● **EXERCISE REQUIREMENTS**
Copy out the data exactly, leaving the pictures behind.

● **SOURCE DATA**
##############################
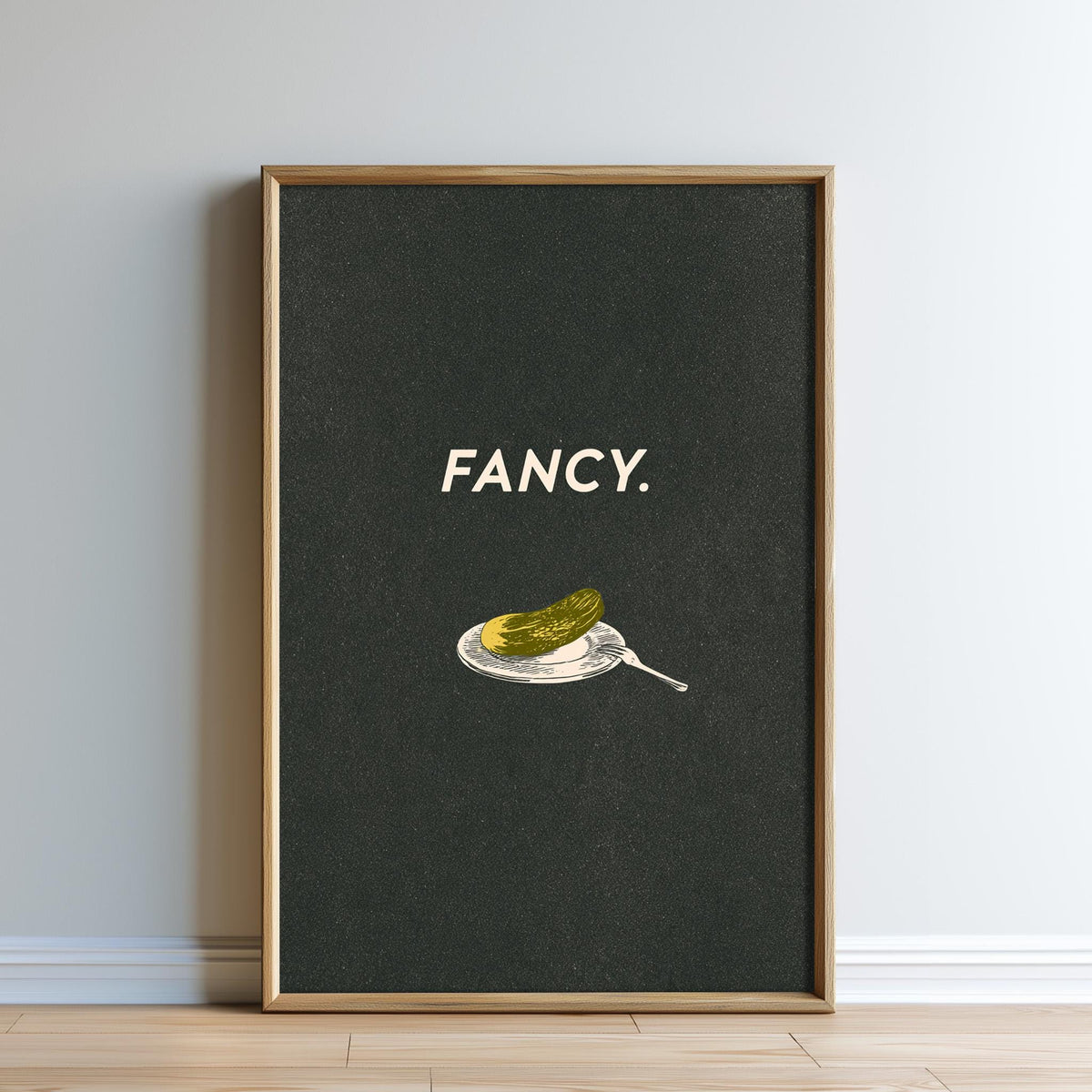 The image is a framed poster with a black background and a white text that says "FANCY."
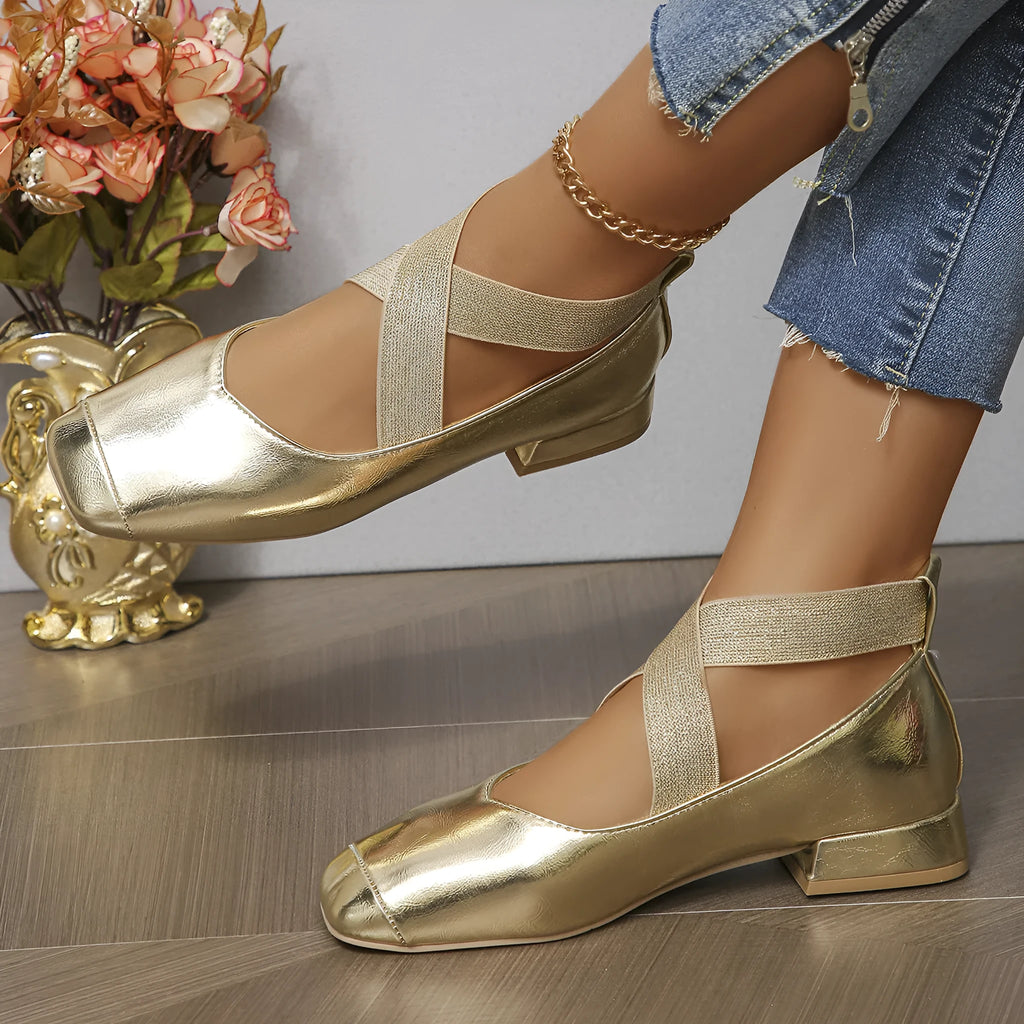 Gold slip-on evening pumps with a flared skirt collar, square toe and low rubber sole.
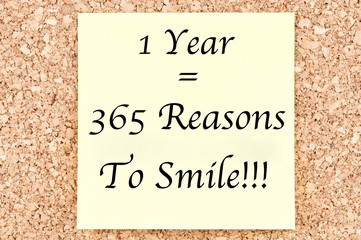 1 Year 365 Reasons To Smile, written on a sticky note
##############################
● **ANSWER TO THE PROBLEM**
 The image is a framed poster with a black background and a white text that says "FANCY."
 Gold slip-on evening pumps with a flared skirt collar, square toe and low rubber sole.
 1 Year 365 Reasons To Smile, written on a sticky note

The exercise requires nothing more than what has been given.